While we wish we had more time to play more games, we are very happy with the way the list came out, and we couldn’t be prouder of the titles that our team selected.
The 10 Best Video Games of 2018
10 – Assassin’s Creed Odyssey
It might seem absurd to nominate what is essentially a series with an annual release schedule for one of the best games of the year, but if Fortnite can claim such a title, then I see no reason why the latest entry in one of Ubisoft’s best known and loved series couldn’t either. 2017’s Assassin’s Creed Origins was a bold departure for the beleaguered franchise, one that was long overdue. The developers were obviously keen to capitalize on the goodwill and reinvigorated enthusiasm of the fanbase, and so while Assassin’s Creed Odyssey may not have been the great stride forward that its recent predecessor was, it continued to raise the high bar that had been set for the series.
Odyssey‘s world is an immaculately realized representation of ancient Greece in all its riotous magnificence, a place and time that birthed many of the scientific, philosophic, artistic, and political concepts that we now take for granted. The decently fleshed-out skill tree makes leveling up feel genuinely interesting, and with the ability to freely reset skill points, players are never punished for wanting to try out a new playstyle or mixing up their chosen skill set. The story itself may not be anything that Herodotus would write home about, but it nevertheless provides a compelling backdrop to the action, and never fails to entertain. Assassin’s Creed Odyssey may not prove to be one of the best games of all time, but it more than holds its own against the rest that 2018 had to offer. (Chris Underwood)
9 – Far Cry 5
Far Cry 5 is a game that has encountered controversy since the first image was released, largely thanks to Ubisoft’s decision to set the game in Hope County, a fictional region in rural Montana overrun by a doomsday cult called the Project at Eden’s Gate. Although this cult has no coherent doctrine, and its structure doesn’t resemble real-world cults in the slightest, it has nevertheless managed to anger many game critics who for some reason were expecting an entry in the Far Cry series to send a clear political message that perhaps addresses the polarized nature of current American politics.
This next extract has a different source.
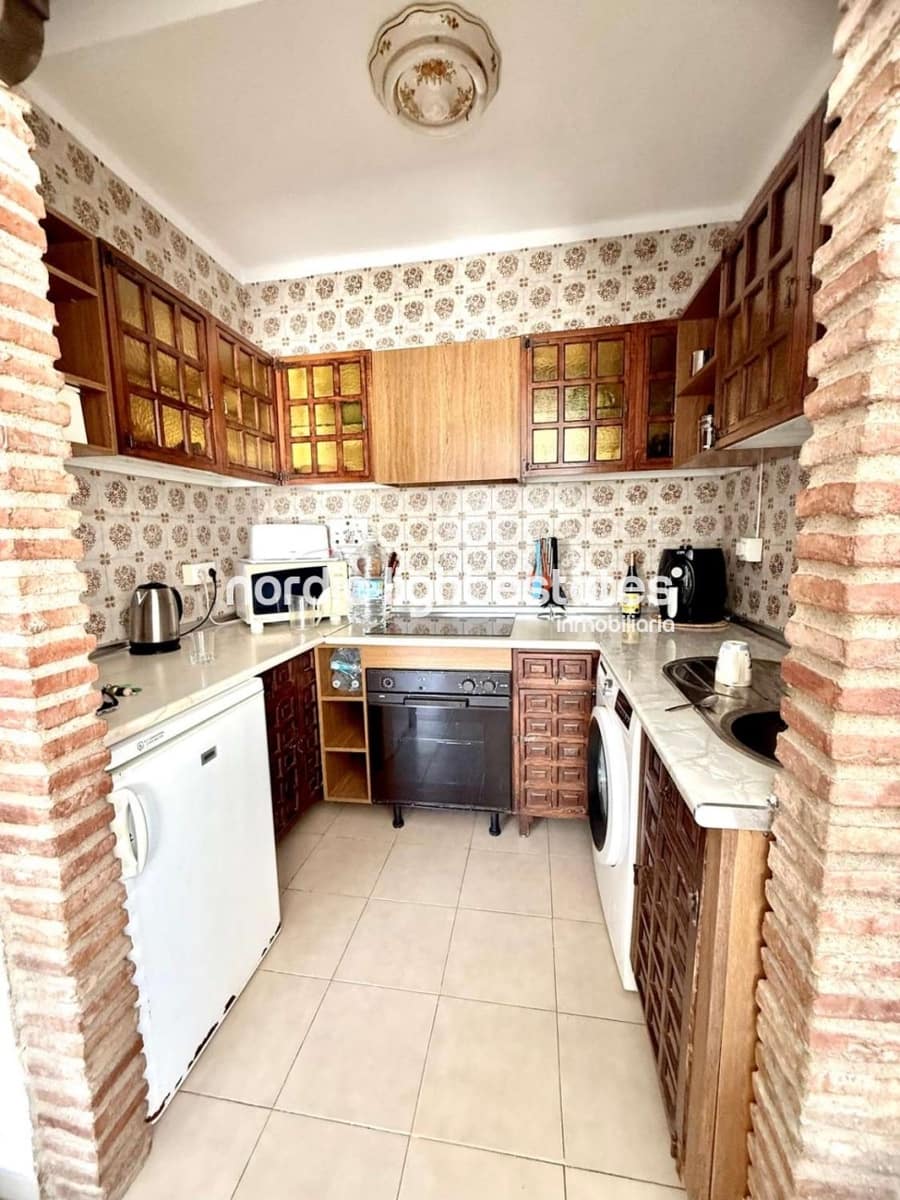 1 sypialnia Apartament na sprzedaż w Nerja z basenem - 249 900 € (Ref: 9360730)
But seriously folks, this is the fifth entry in a series that has never taken itself too seriously. It’s a sandbox adventure known for its non-stop action, extreme violence and cruelty — all of which is juxtaposed with over-the-top humor and bombast. The truth is, Far Cry 5 may not be the best game of 2018, but it is the most fun game I’ve played so far this year. It fully embraces what the series does best, while Ubisoft has thankfully done away with some of the franchise’s most frustrating aspects.
There are plenty of welcome new additions, including the Arcade Mode, which includes a powerful map editor that allows you to create challenges and share them with other players, and an escort system that allows you to hire and fight alongside up to two other characters who you meet in the game, each of whom brings special skills into combat (my personal favorite being a dog named Boomer). Meanwhile, the side missions are a blast, the game looks absolutely gorgeous, and it features one hell of an ending. There’s really so much to love here that it makes it easy to overlook what the game lacks in story. If you are a fan of the series and haven’t yet had a chance to play Far Cry 5, I highly recommend it. (Ricky D)
8 – Pokémon: Let’s Go, Pikachu! and Let’s Go, Eevee!
Nostalgia is an addiction that the older generation is often powerless to resist. When Nintendo announced Pokémon: Let’s Go, Pikachu! and Eevee!, they knew it was the children of the 90s that were going to buy into this charm offensive, with any doubts about the two games being quickly dispersed.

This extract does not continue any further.